Scrutinizing a jumble of half-used bottles and tubes in search of sun-protection, I noticed 3 of every 4 had passed their expiration dates. One bottle of Coppertone (SGP) went back as far as April 2004.
I know enough to appreciate that a 5-year-old product is a sure toss, but what about the untouched $9.85 tube of Neutrogena Sun Block (JNJ) with the September 2008 expiration? Or the nearly full Banana Boat (ENR) that expired in March of this year?
I got the skinny from Anne Russell, my source/authority on all things health- and body-related. She's a longtime fitness buff and editor-in-chief of VIV Magazine.

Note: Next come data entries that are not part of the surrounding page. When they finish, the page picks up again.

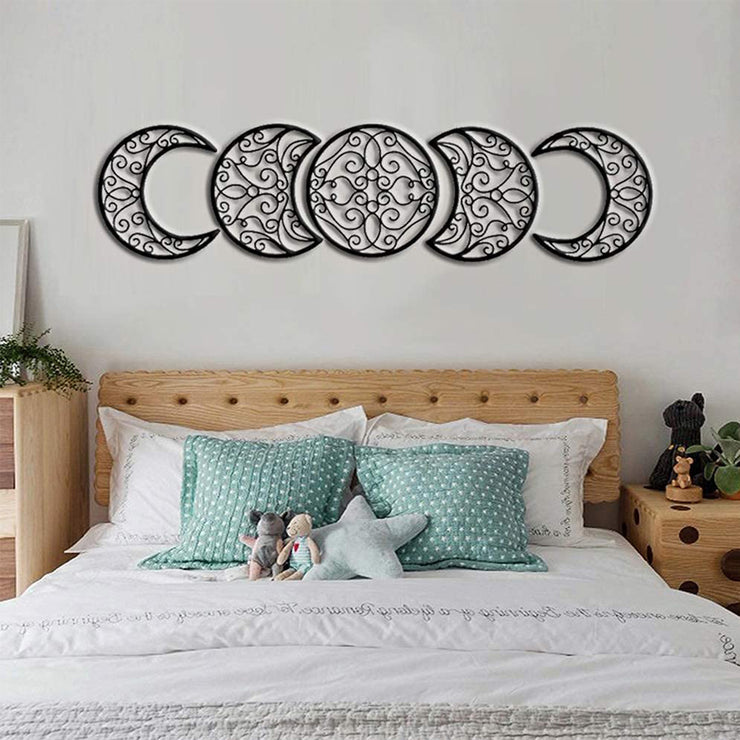 Five-Piece Wooden Cutout Moon Phase Set Wall Hanging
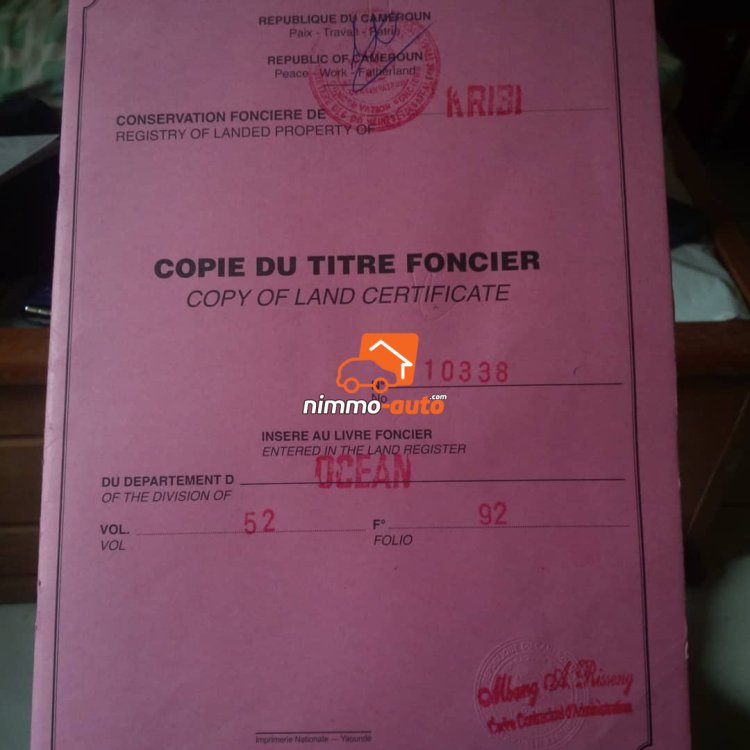 Terrain titré à Vendre à Kribi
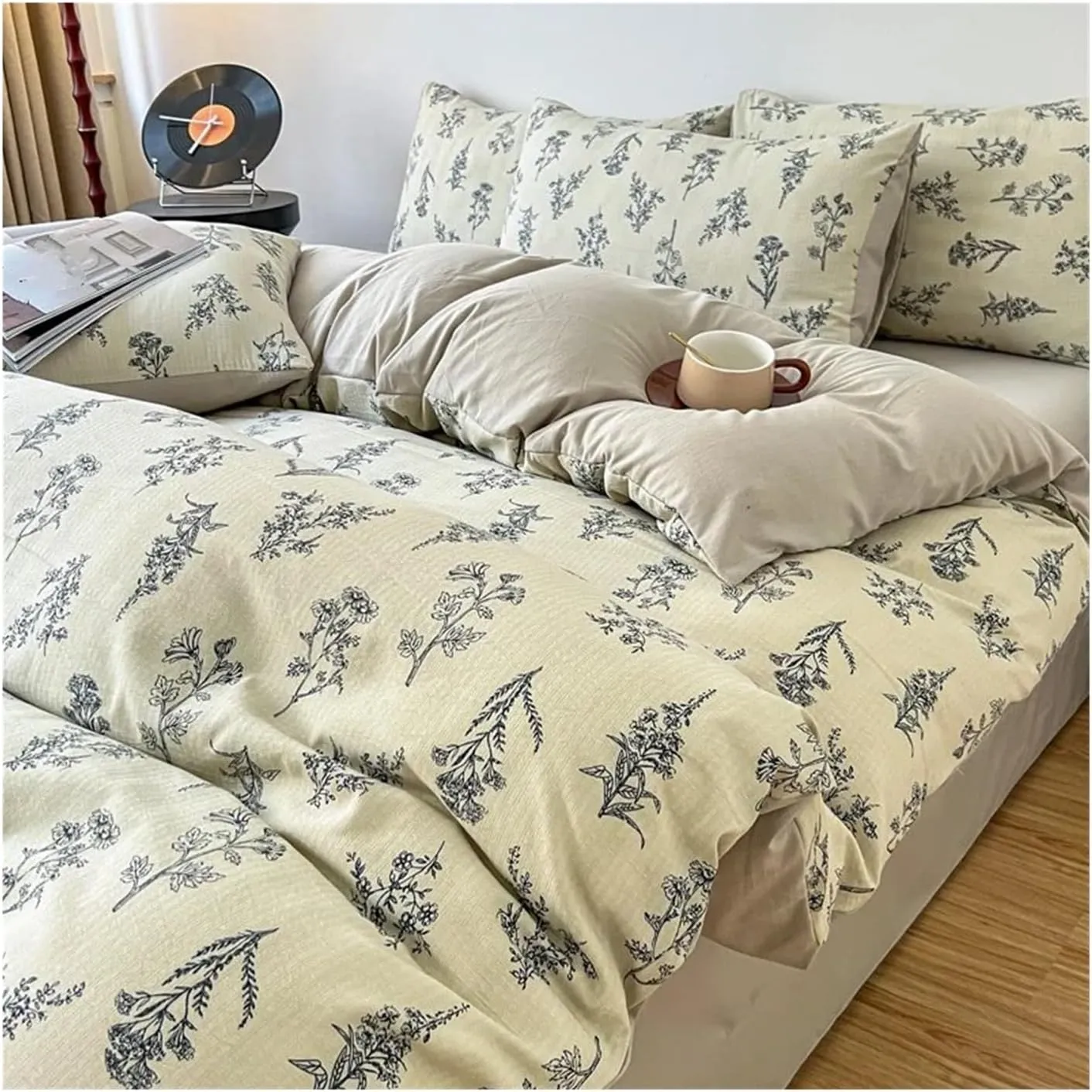 V-intage Bedding Set (No Filler) Soft Fall/Winter Thickened Duvet Cover Sheet Pillowcase Full Size Queen Size Duvet Cover Set,Bed Sheets (B Twin 3pcs)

"Yes, sunscreen actually does break down," she said. "Sometimes as quickly as after an hour or 2 on your skin, but that's a different scary story. Bottom line: It gradually loses efficacy, so if you want to keep using it, assume that 30 has dropped to 15 if it's over 6 months old and so on."
This got me thinking about other products. Insect repellent, for instance. Checking the cupboard in my downstairs bathroom yielded 3 vintage cans and bottles. One appeared to be full.
"Now THAT stuff never goes bad, I think, hence the Hazmat disposal status," Anne said. "If you're worried, replace, but you'd probably be safe (relatively speaking) with one bottle of DEET for the rest of life. Use it very sparingly and that life will probably be longer."
Keep in mind, I don't part with things easily. I once moved houses and packed a $1.29 box of Ronzoni lasagna, finally throwing it away 5 years later. But one thing my week's mission made me see is that failing to check the supplies before heading to the store is a sure-fire way to waste money.
In that downstairs bathroom alone, I'd uncovered 37 expired health and beauty-related products with a value of at least $200. The prize was a bottle of Ipecac that expired in January of the year 2000. Hey, I know I am not alone! Some people are worse. Witness this!
So what's the difference between expiration and sell-by dates? Which ones really matter?
This terrific Howcast video makes sense of a lot of it.
Turns out, I could have eaten the lasagna, but it may not have tasted so great. Packaged, canned and frozen foods seem to last forever. It's just the quality that degrades.